- _DATA FOR PROCESSING_:

======

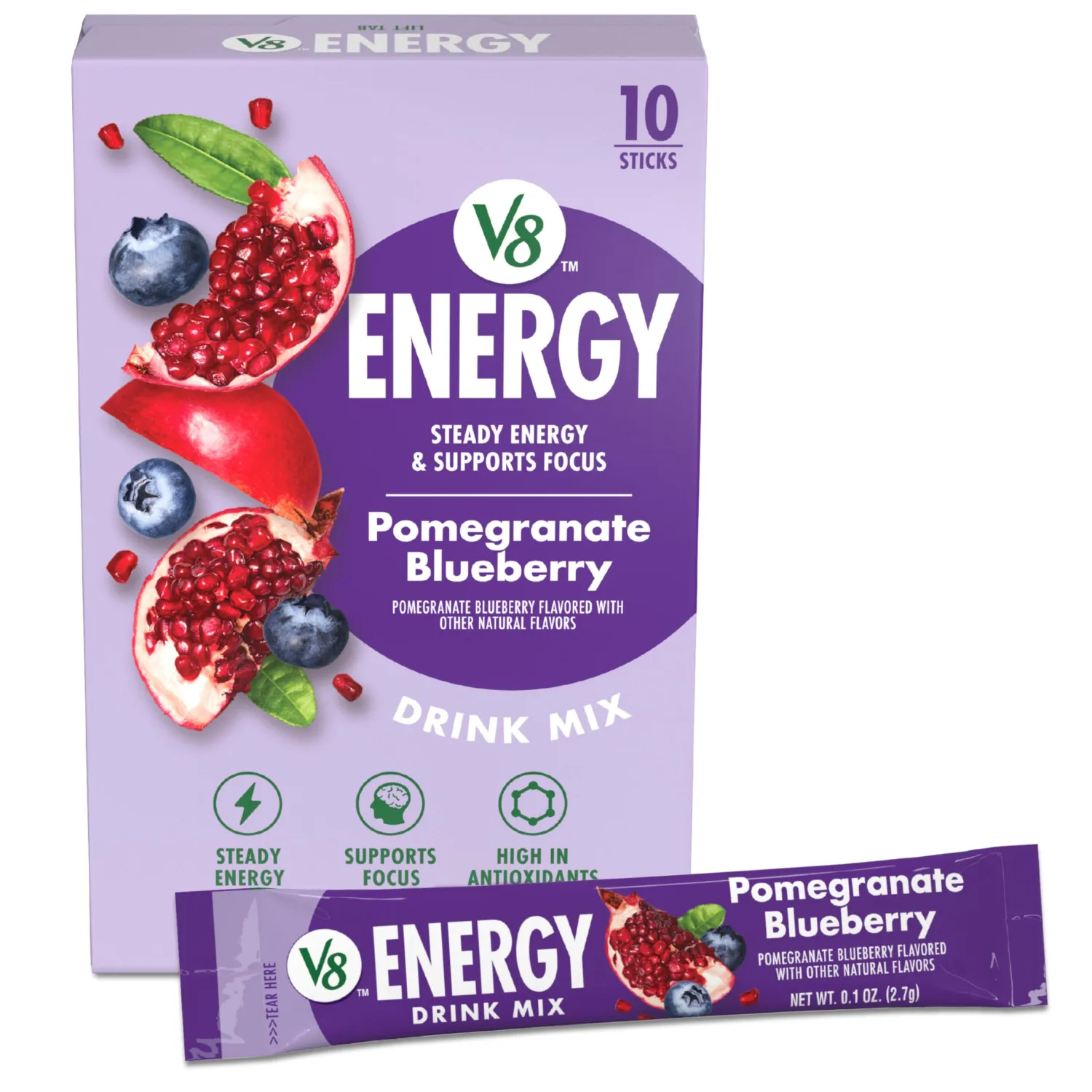 V8 Energy Pomegranate Blueberry Energy Drink Powder, .10 oz Packet (10 Count)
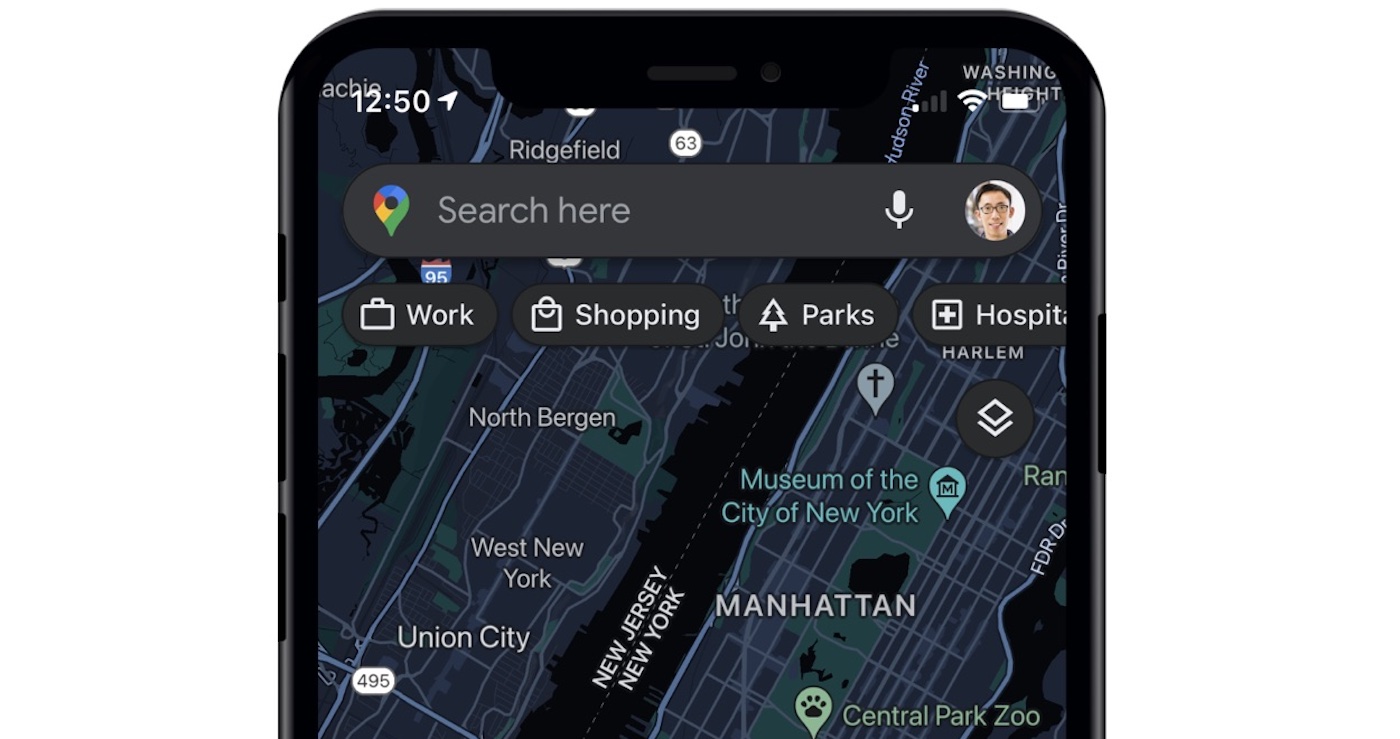 Google Maps Mode Sombre Application iPhone Recadre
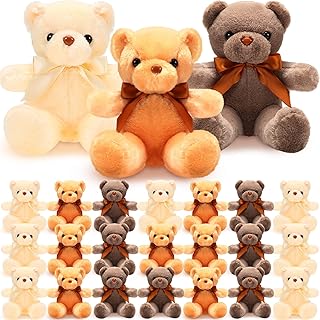 HyDren 24 Pcs Operation Christmas Bear Stuffed Animal Plush Gift Bulk 12 Inches Soft Toys for Kids Christmas Charity Donation, Holiday Party Favors & Classroom Gifts(Colorful)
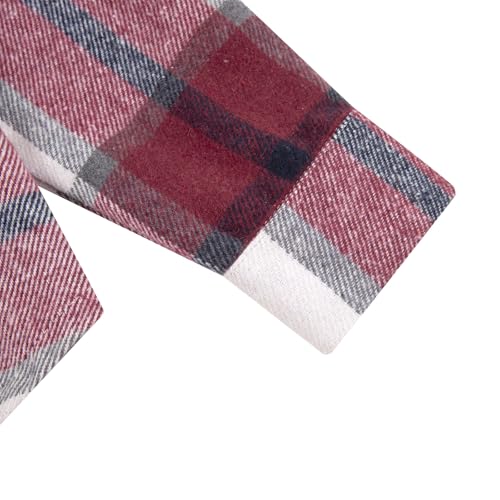 Image of Boys Girls Flannel Shirts Plaid Hoodies Fall Fashion Button Down Shirts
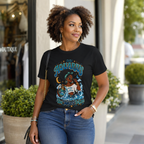Woman wearing a black t-shirt with 'Aquarius Too Weird To Care' design featuring a black woman wearing a t-shirt with the text 'different is my superpower' on a background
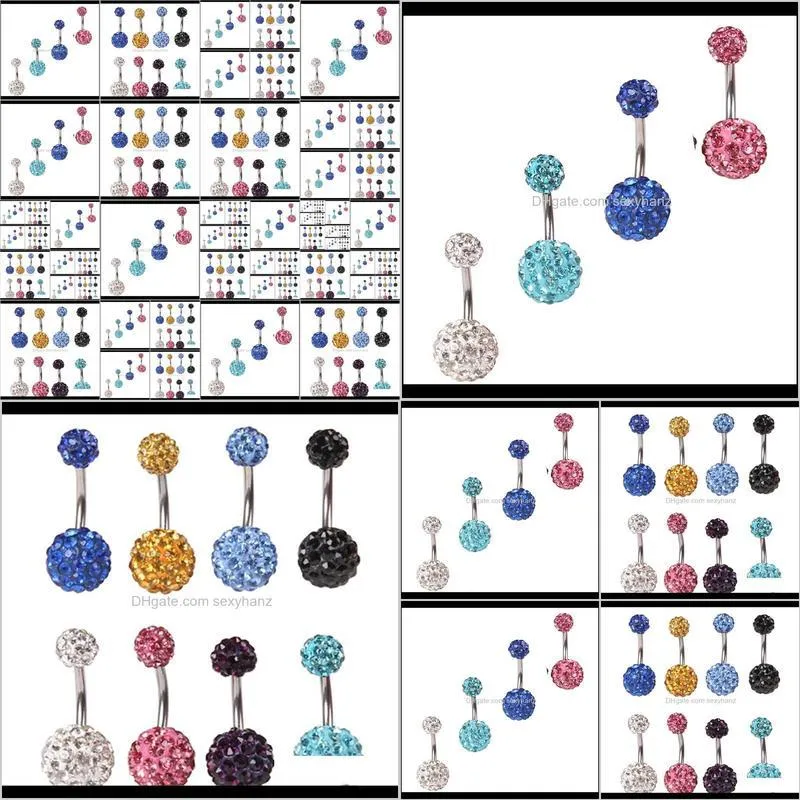 crystal double disco ball ferido belly bar navel belly button ring shamballa belly ring piercing jewelry 10mm 30pcs 10 colors
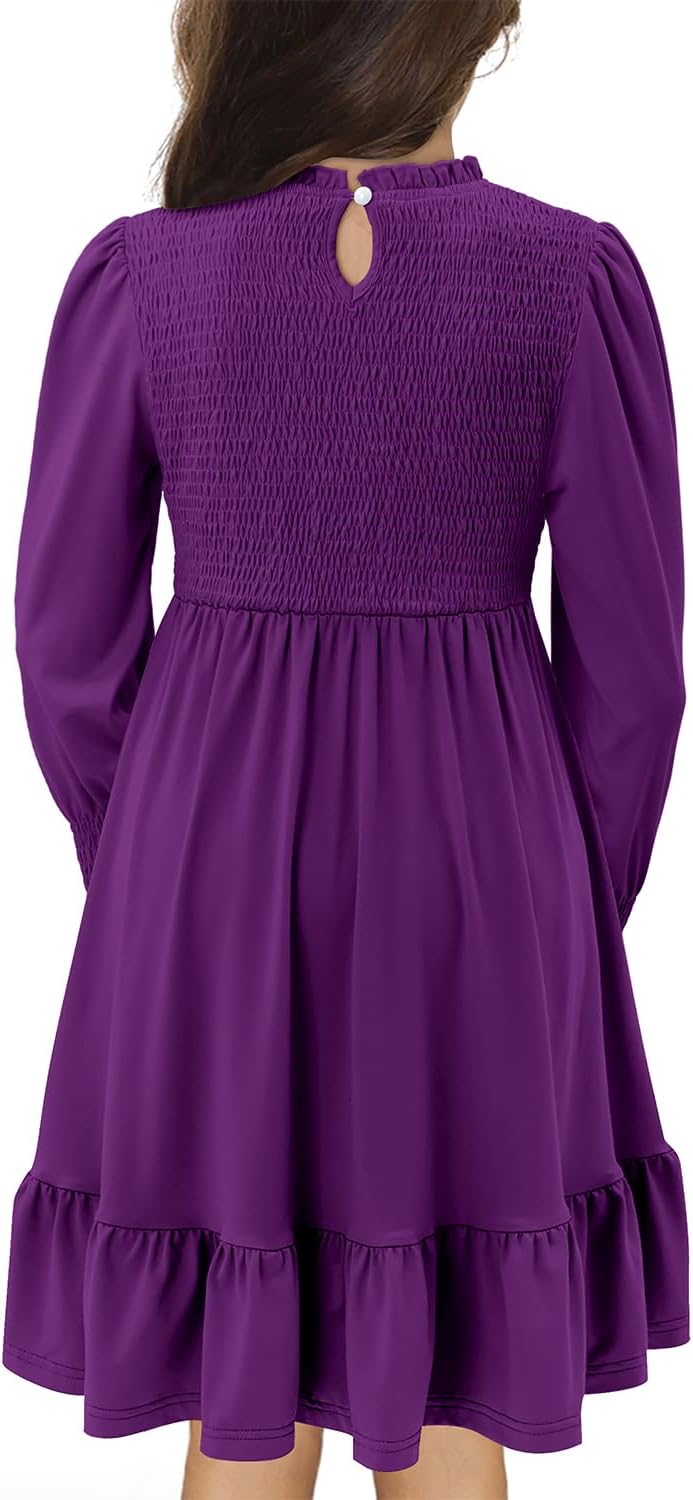 Yoklass Girls Smocked Dress Casual Puff Long Sleeve Ruffle Neck Dresses 4-13 Years - Image 4
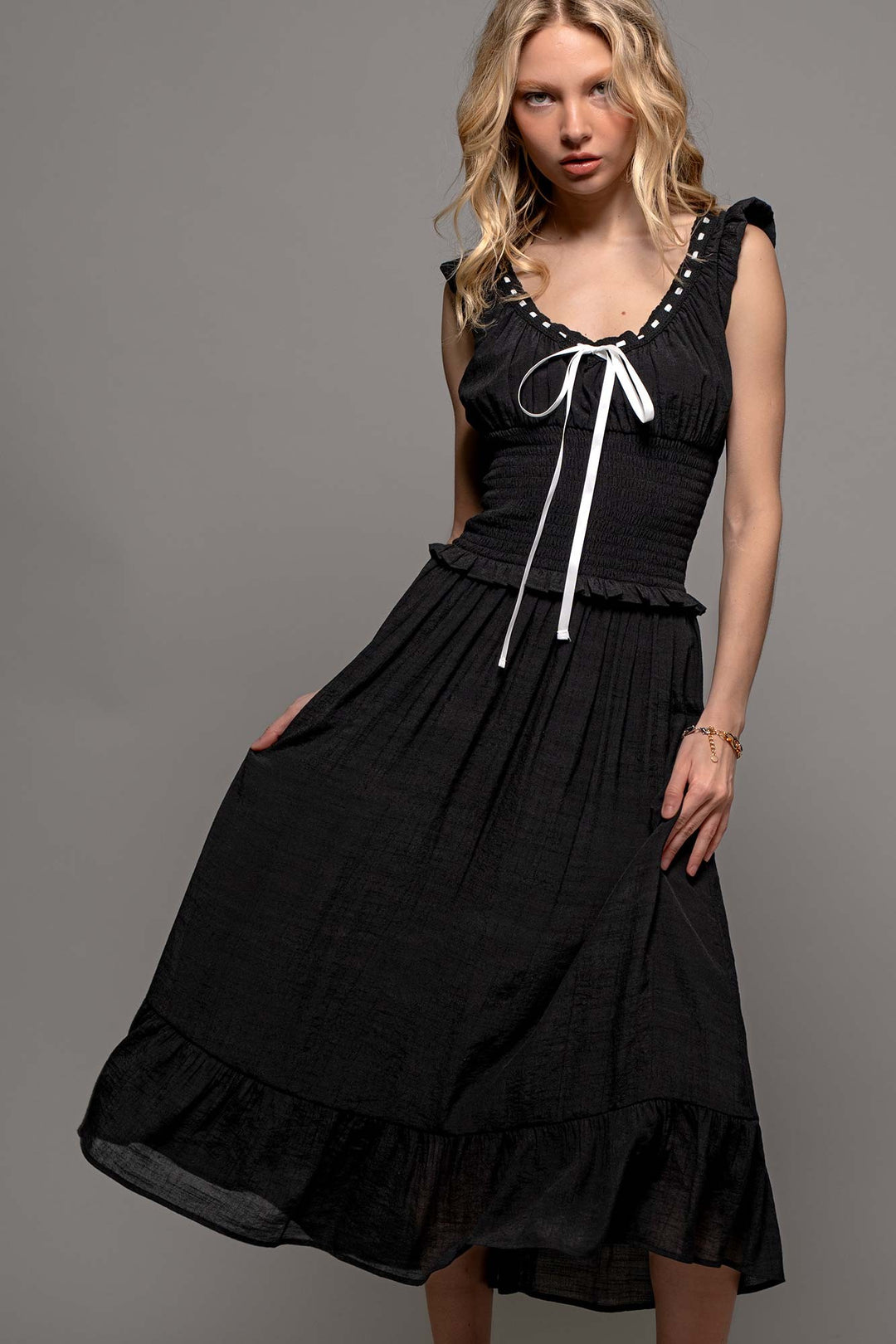 Sweet Contrast White Black Midi Dress in Black - Women's Wholesale Casual Dresses | Trend Notes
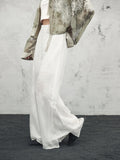 Tang White Lace Wide-Leg Pants Cheongsam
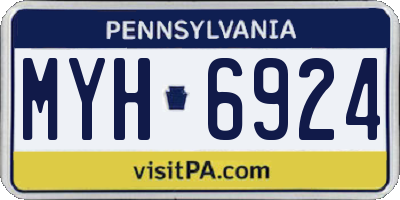 PA license plate MYH6924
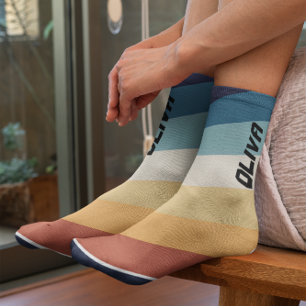 Retro 80s Stripes gepersonaliseerd Sokken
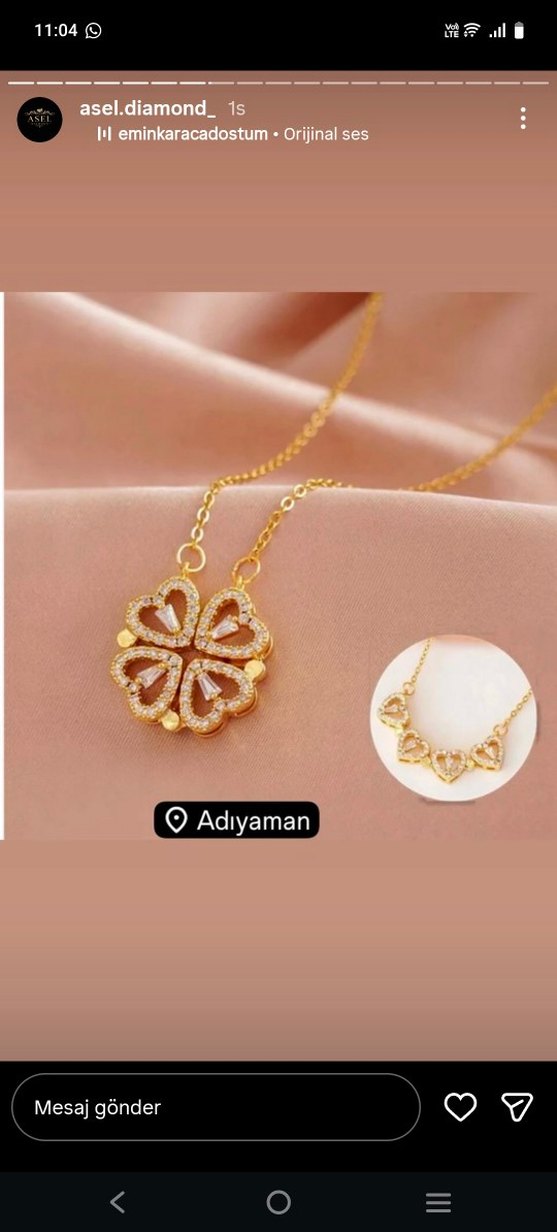 Altın Renkli Zincirli Yonca Kolye - Görsel 4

======

- _WHAT NEEDS TO BE DONE_: Give back exactly the lines from the one with "HyDren 24 Pcs" through the end of the records above, inclusive, and omit any pictures.

- _RESPONSE AREA_:
 HyDren 24 Pcs Operation Christmas Bear Stuffed Animal Plush Gift Bulk 12 Inches Soft Toys for Kids Christmas Charity Donation, Holiday Party Favors & Classroom Gifts(Colorful)
 Image of Boys Girls Flannel Shirts Plaid Hoodies Fall Fashion Button Down Shirts
Woman wearing a black t-shirt with 'Aquarius Too Weird To Care' design featuring a black woman wearing a t-shirt with the text 'different is my superpower' on a background
 crystal double disco ball ferido belly bar navel belly button ring shamballa belly ring piercing jewelry 10mm 30pcs 10 colors
 Yoklass Girls Smocked Dress Casual Puff Long Sleeve Ruffle Neck Dresses 4-13 Years - Image 4
 Sweet Contrast White Black Midi Dress in Black - Women's Wholesale Casual Dresses | Trend Notes
 Tang White Lace Wide-Leg Pants Cheongsam
 PA license plate MYH6924
 Retro 80s Stripes gepersonaliseerd Sokken
 Altın Renkli Zincirli Yonca Kolye - Görsel 4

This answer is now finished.